___ Dataset entries ___

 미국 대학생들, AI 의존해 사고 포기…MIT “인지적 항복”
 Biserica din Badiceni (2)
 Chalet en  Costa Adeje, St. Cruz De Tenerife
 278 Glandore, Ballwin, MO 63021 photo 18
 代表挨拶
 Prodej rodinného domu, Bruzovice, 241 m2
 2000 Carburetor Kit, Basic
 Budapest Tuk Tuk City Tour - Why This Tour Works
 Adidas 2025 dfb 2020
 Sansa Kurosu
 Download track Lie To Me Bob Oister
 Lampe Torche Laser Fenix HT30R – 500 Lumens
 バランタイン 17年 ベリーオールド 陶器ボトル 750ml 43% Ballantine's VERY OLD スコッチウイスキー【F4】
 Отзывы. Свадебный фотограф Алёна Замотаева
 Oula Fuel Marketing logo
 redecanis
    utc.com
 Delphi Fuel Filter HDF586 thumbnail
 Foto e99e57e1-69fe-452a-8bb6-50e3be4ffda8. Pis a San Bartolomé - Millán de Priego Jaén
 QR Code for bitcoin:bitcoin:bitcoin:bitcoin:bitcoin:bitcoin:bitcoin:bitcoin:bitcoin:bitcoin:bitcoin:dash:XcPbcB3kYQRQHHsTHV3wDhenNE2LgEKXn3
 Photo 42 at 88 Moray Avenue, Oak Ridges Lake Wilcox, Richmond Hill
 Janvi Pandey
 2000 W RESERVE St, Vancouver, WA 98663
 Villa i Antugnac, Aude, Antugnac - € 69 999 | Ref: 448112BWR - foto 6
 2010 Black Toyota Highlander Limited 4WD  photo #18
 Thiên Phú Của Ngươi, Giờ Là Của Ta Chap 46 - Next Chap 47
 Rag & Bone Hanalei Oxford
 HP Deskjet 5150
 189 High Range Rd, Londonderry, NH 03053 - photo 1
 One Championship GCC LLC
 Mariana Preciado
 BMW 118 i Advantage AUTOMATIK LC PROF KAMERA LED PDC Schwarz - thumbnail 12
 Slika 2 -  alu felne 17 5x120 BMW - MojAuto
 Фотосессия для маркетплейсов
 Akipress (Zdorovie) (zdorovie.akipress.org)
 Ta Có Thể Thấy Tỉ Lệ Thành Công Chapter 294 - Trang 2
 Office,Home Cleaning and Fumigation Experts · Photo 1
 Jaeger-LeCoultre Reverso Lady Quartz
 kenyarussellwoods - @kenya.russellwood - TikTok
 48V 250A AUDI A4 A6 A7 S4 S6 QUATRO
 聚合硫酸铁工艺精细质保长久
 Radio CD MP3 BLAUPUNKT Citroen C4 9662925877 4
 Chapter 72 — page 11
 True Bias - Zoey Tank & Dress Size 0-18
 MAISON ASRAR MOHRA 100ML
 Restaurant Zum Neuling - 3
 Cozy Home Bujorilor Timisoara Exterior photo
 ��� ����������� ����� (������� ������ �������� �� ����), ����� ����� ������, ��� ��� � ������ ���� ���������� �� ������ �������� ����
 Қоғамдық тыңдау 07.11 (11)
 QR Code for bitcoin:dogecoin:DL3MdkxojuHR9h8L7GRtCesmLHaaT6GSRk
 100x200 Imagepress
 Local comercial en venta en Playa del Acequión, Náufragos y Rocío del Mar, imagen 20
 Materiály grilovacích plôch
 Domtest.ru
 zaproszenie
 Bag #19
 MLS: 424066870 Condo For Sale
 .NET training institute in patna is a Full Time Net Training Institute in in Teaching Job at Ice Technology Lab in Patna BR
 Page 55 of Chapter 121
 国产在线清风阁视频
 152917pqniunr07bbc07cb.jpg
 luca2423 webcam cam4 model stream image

___

Exercise brief → Transcribe each record exactly as it is written above.

Answer →
 미국 대학생들, AI 의존해 사고 포기…MIT “인지적 항복”
 Biserica din Badiceni (2)
 Chalet en  Costa Adeje, St. Cruz De Tenerife
 278 Glandore, Ballwin, MO 63021 photo 18
 代表挨拶
 Prodej rodinného domu, Bruzovice, 241 m2
 2000 Carburetor Kit, Basic
 Budapest Tuk Tuk City Tour - Why This Tour Works
 Adidas 2025 dfb 2020
 Sansa Kurosu
 Download track Lie To Me Bob Oister
 Lampe Torche Laser Fenix HT30R – 500 Lumens
 バランタイン 17年 ベリーオールド 陶器ボトル 750ml 43% Ballantine's VERY OLD スコッチウイスキー【F4】
 Отзывы. Свадебный фотограф Алёна Замотаева
 Oula Fuel Marketing logo
 redecanis
    utc.com
 Delphi Fuel Filter HDF586 thumbnail
 Foto e99e57e1-69fe-452a-8bb6-50e3be4ffda8. Pis a San Bartolomé - Millán de Priego Jaén
 QR Code for bitcoin:bitcoin:bitcoin:bitcoin:bitcoin:bitcoin:bitcoin:bitcoin:bitcoin:bitcoin:bitcoin:dash:XcPbcB3kYQRQHHsTHV3wDhenNE2LgEKXn3
 Photo 42 at 88 Moray Avenue, Oak Ridges Lake Wilcox, Richmond Hill
 Janvi Pandey
 2000 W RESERVE St, Vancouver, WA 98663
 Villa i Antugnac, Aude, Antugnac - € 69 999 | Ref: 448112BWR - foto 6
 2010 Black Toyota Highlander Limited 4WD  photo #18
 Thiên Phú Của Ngươi, Giờ Là Của Ta Chap 46 - Next Chap 47
 Rag & Bone Hanalei Oxford
 HP Deskjet 5150
 189 High Range Rd, Londonderry, NH 03053 - photo 1
 One Championship GCC LLC
 Mariana Preciado
 BMW 118 i Advantage AUTOMATIK LC PROF KAMERA LED PDC Schwarz - thumbnail 12
 Slika 2 -  alu felne 17 5x120 BMW - MojAuto
 Фотосессия для маркетплейсов
 Akipress (Zdorovie) (zdorovie.akipress.org)
 Ta Có Thể Thấy Tỉ Lệ Thành Công Chapter 294 - Trang 2
 Office,Home Cleaning and Fumigation Experts · Photo 1
 Jaeger-LeCoultre Reverso Lady Quartz
 kenyarussellwoods - @kenya.russellwood - TikTok
 48V 250A AUDI A4 A6 A7 S4 S6 QUATRO
 聚合硫酸铁工艺精细质保长久
 Radio CD MP3 BLAUPUNKT Citroen C4 9662925877 4
 Chapter 72 — page 11
 True Bias - Zoey Tank & Dress Size 0-18
 MAISON ASRAR MOHRA 100ML
 Restaurant Zum Neuling - 3
 Cozy Home Bujorilor Timisoara Exterior photo
 ��� ����������� ����� (������� ������ �������� �� ����), ����� ����� ������, ��� ��� � ������ ���� ���������� �� ������ �������� ����
 Қоғамдық тыңдау 07.11 (11)
 QR Code for bitcoin:dogecoin:DL3MdkxojuHR9h8L7GRtCesmLHaaT6GSRk
 100x200 Imagepress
 Local comercial en venta en Playa del Acequión, Náufragos y Rocío del Mar, imagen 20
 Materiály grilovacích plôch
 Domtest.ru
 zaproszenie
 Bag #19
 MLS: 424066870 Condo For Sale
 .NET training institute in patna is a Full Time Net Training Institute in in Teaching Job at Ice Technology Lab in Patna BR
 Page 55 of Chapter 121
 国产在线清风阁视频
 152917pqniunr07bbc07cb.jpg
 luca2423 webcam cam4 model stream image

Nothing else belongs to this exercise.